What’s more, this entire incident happened at the student’s high school and was captured on camera. According to reports, the student was removed from class for refusing to put away her cell phone. The police officers were supposed to escort her off school grounds, to her father, who was waiting at the entrance. The surveillance footage clearly shows officers grabbing her and basically throwing her down the stairs, then pouncing on her. Shockingly, after the incident, she was charged with 2 counts of aggravated assault on the officers (both counts were dropped).
Notably, the high school student maintained that the officer instigated the attack by grabbing her and throwing her down the stairs. While the officers reported she pushed them down the stairs, the student explained that she attempted to hold onto the officer’s clothing, after being thrown down the stairs initially. Then, she held onto the officer, while another officer pulled her down the second flight of stairs by her foot. Her father attempted to intervene, but was told to move back and complied, and watched the beating ensue.
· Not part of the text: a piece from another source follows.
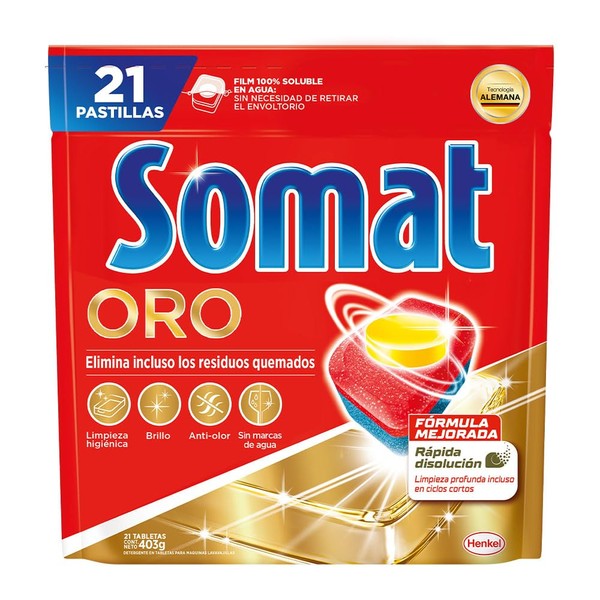 Somat Oro Pastillas Para Máquinas Lavavajillas (403g)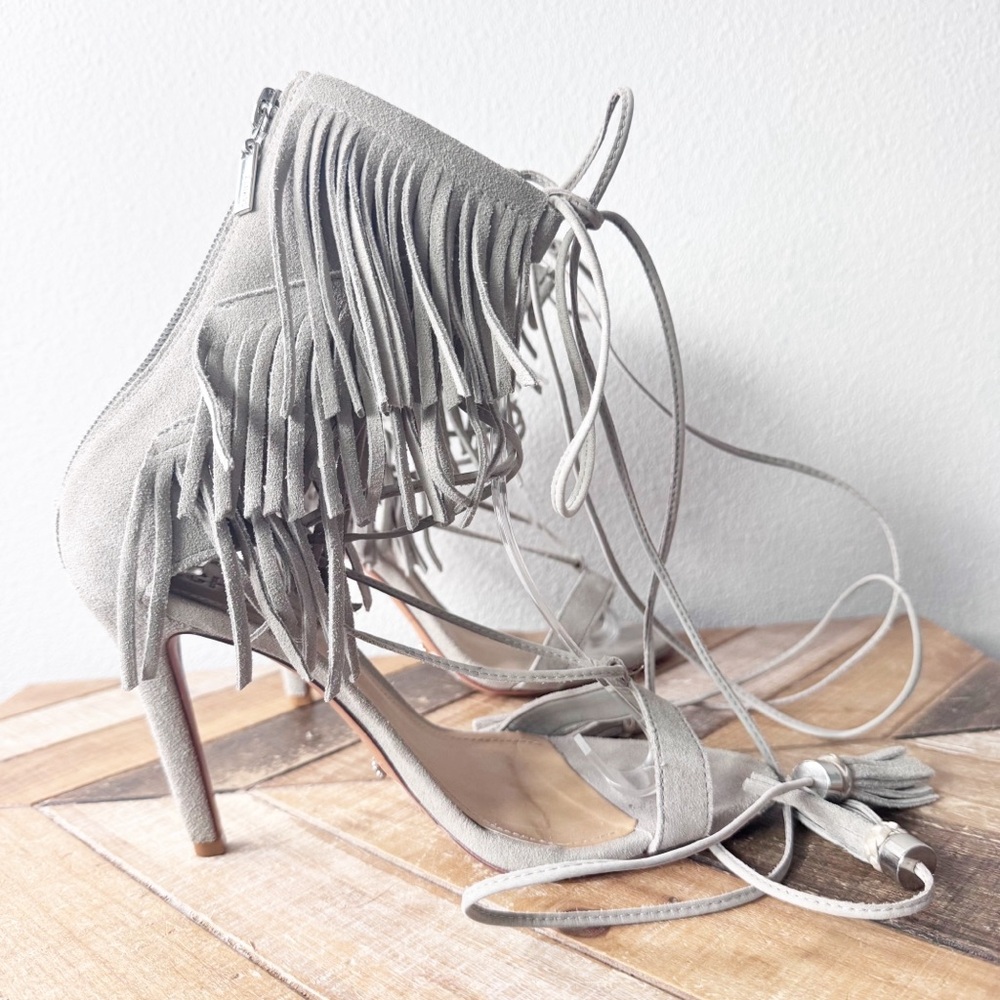 Shultz kagi Fringed Gray/Beige Lace Up Heels - Picture 6 of 16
While the videos don’t show what happened before the student was grabbed and thrown down the stairs, what the videos do show corroborate the student’s story. Notably, body cam footage has not been released.
Generally, when a person is being arrested, or taken into police custody, fighting back or resisting will be grounds for serious criminal charges. In only very limited circumstances are individuals ever justified in fighting back, such as when the arrest is unlawful, or when officers are using excessive force. But these situations can be rather difficult to accurately assess, especially in the heat of the moment.